馬場状態がコロコロと変化する東京や阪神とは対照的に、函館は土日、芝・ダートともに良馬場で行われた。今年の函館の芝は良好な状態のようで、JRA発表によると、6月14日(日)からは雨量の項目でもゼロ行進だから、路盤は硬くなっているはず。

なるほど、初日には500万の平場戦で1分8秒3という好時計が計時され、函館10R駒ケ岳特別(函館芝2600m、500万)では、シークレットパスが従来のレコードを0秒7も更新する2分38秒7で勝利した。函館スプリントS同日の9R(500万の平場戦)も1分8秒3で決着した。

気になったので、JRAのホームページで函館のレコードを確認してみると、88年函館記念(芝2000m)で樹立したサッカーボーイの1分57秒8がいまだ燦然と輝く。その下には芝1800mのボールドノースマンの1分46秒0も。88年青函トンネル開通記念(OP特別)で計時したもので、歴史を感じさせる。2歳の芝1000m(57秒2)にはハギノトップレディの名もある。
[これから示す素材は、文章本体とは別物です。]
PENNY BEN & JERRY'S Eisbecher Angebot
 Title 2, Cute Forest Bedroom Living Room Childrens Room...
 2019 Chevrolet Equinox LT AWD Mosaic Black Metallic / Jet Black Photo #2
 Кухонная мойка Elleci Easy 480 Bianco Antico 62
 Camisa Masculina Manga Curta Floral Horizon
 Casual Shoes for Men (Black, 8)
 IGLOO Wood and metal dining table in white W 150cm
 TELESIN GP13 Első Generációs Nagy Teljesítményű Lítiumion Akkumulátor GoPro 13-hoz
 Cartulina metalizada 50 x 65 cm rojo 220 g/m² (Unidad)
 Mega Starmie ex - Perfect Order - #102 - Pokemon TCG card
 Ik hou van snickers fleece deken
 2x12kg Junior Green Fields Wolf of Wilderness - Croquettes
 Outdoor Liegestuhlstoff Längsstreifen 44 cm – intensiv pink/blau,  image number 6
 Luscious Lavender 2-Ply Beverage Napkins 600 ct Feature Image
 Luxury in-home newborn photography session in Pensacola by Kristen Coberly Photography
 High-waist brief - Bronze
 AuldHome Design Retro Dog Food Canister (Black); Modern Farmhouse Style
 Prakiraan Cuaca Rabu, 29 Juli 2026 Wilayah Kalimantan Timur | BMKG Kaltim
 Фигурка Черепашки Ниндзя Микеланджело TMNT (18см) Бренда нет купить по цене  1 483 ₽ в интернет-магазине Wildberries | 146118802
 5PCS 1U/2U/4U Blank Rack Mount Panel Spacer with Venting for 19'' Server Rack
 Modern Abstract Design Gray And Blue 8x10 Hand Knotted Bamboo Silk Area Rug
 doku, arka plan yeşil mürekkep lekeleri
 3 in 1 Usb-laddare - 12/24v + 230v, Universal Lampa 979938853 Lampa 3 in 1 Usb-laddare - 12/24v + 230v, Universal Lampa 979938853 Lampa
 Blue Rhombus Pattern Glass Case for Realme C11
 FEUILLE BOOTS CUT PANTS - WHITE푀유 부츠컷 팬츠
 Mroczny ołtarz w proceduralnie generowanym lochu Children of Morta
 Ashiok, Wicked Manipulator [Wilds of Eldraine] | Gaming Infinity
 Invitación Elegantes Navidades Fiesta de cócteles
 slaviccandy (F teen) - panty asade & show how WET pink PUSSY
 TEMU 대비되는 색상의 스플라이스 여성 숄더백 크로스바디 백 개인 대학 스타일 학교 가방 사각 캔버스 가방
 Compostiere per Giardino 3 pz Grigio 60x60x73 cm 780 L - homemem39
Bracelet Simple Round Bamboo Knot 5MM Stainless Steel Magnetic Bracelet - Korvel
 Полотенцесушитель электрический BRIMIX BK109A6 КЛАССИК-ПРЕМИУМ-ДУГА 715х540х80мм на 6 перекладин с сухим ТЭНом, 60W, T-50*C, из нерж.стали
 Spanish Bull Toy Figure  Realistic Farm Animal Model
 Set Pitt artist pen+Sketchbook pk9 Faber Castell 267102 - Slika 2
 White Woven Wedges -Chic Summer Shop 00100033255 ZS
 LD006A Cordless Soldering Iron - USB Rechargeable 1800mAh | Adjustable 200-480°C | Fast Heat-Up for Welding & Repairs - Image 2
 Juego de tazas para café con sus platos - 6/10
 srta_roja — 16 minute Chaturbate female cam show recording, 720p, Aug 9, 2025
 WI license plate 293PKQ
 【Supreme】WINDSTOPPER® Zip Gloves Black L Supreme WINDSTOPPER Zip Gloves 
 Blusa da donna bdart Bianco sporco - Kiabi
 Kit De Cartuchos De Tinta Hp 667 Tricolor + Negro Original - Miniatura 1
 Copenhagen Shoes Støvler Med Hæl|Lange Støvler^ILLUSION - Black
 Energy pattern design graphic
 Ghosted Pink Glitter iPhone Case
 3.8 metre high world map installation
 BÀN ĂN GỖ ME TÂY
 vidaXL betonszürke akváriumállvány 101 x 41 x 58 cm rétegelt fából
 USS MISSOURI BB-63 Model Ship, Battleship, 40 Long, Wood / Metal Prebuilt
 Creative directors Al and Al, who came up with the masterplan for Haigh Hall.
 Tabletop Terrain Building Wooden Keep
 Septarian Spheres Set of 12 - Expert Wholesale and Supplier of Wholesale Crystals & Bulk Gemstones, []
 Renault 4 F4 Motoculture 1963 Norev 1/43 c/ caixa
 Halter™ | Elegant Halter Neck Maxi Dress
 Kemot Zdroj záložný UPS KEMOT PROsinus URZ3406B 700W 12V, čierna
このあたりのレコードが塗り替えられると、オールドファンでなくても寂しさを覚えるのではないだろうか…。なんてことを思いつつ、3歳以上の函館芝1200mの欄に目を向けると、11年6月19日の道新スポーツ杯(函館芝1200m、1000万)テイエムオオタカが樹立した1分8秒0があった。

平場戦の500万で1分8秒3が連発する馬場状態であれば、G3なら1分7秒台必至。そんなことを考えながらレースを迎えたのだが、終わってみればこちらも1分8秒3で決着。掲示板に表示されたタイムを見て、しばらく思考回路がフリーズした。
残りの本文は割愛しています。